#### TASK DESCRIPTION:
The tail of the records, from the line containing "Keepsake the Label" through the final line, should be printed exactly and on its own.

----- RECORDS FOR PROCESSING

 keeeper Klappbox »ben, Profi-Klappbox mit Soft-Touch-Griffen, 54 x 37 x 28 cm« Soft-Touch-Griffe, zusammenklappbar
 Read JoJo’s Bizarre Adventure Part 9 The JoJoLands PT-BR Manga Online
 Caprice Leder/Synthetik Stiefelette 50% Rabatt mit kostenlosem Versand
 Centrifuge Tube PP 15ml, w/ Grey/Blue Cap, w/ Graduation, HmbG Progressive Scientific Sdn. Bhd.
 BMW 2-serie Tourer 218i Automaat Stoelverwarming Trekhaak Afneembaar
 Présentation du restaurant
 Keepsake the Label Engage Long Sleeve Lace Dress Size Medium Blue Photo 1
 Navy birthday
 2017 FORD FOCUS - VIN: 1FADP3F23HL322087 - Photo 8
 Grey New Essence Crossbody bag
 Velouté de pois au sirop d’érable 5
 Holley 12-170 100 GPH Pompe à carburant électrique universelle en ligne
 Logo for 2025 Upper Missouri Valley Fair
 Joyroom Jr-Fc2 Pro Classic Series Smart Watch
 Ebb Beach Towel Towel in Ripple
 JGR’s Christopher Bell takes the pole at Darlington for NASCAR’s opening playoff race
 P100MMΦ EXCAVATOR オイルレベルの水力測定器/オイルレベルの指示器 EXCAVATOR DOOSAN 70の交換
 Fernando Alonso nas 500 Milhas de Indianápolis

----------

#### ANSWER SPACE:
 Keepsake the Label Engage Long Sleeve Lace Dress Size Medium Blue Photo 1
 Navy birthday
 2017 FORD FOCUS - VIN: 1FADP3F23HL322087 - Photo 8
 Grey New Essence Crossbody bag
 Velouté de pois au sirop d’érable 5
 Holley 12-170 100 GPH Pompe à carburant électrique universelle en ligne
 Logo for 2025 Upper Missouri Valley Fair
 Joyroom Jr-Fc2 Pro Classic Series Smart Watch
 Ebb Beach Towel Towel in Ripple
 JGR’s Christopher Bell takes the pole at Darlington for NASCAR’s opening playoff race
 P100MMΦ EXCAVATOR オイルレベルの水力測定器/オイルレベルの指示器 EXCAVATOR DOOSAN 70の交換
 Fernando Alonso nas 500 Milhas de Indianápolis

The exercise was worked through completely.